Another example comes to mind from the context of Demand Dignity’s work on slums, and this to me is an example of focusing on specific recommendations that arise out of our research, rather than trying to address all aspects of adequate housing. The example involves our work on slums in Kenya, where the issue that we were focusing on was violence against women and the way that the structural set-up was increasing the risk of violence. It had to do with the number and placement of latrines in the communities, and this touches upon something that is quite personal and quite central to one’s own sense of dignity: whether you can relieve yourself in a way that gives the sense of privacy that you need, and complies with the cultural context.

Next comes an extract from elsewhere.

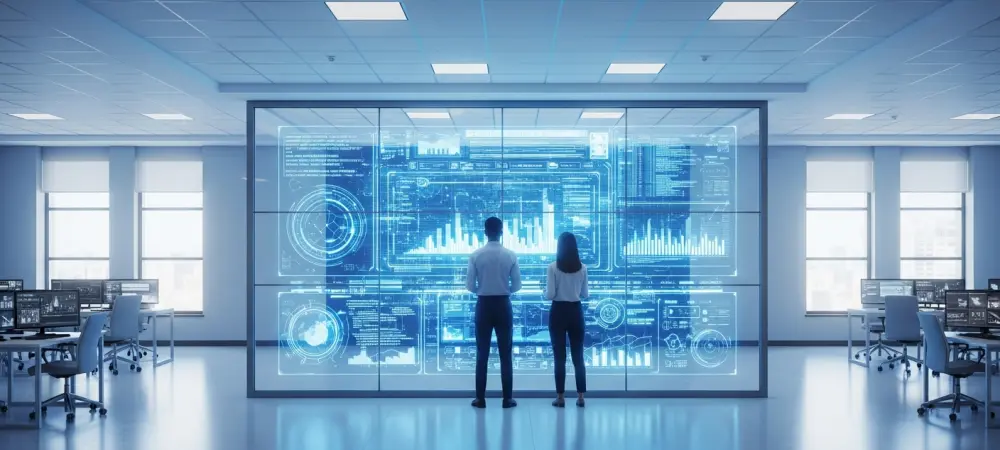 Modern DevOps Revolutionizes the Software Lifecycle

So in the situation we were examining, women were having to not use the facilities until late in the evening or early in the morning, when of course it would be dark and they would be at risk of attack in a way that wasn’t the case during the daylight hours. Women were going far away from their homes in order to have some privacy, again increasing the risk of attack. In any event, this set-up was not one that was going to safeguard women; on the contrary, it was increasing their risk of violence. And so again, our research resulted in some very straightforward recommendations, getting down to very practical things. We weren’t being as prescriptive as saying, ‘this is how many latrines you need,’ but we did talk about how many latrines were placed, how many households were having to share latrines, and we recommended a better way of locating these public services so that women didn’t have to go through this. So I think that this was a very useful contribution from Amnesty, and I think that for the government the new perspective was to have it framed as a human rights issue rather than a social development approach.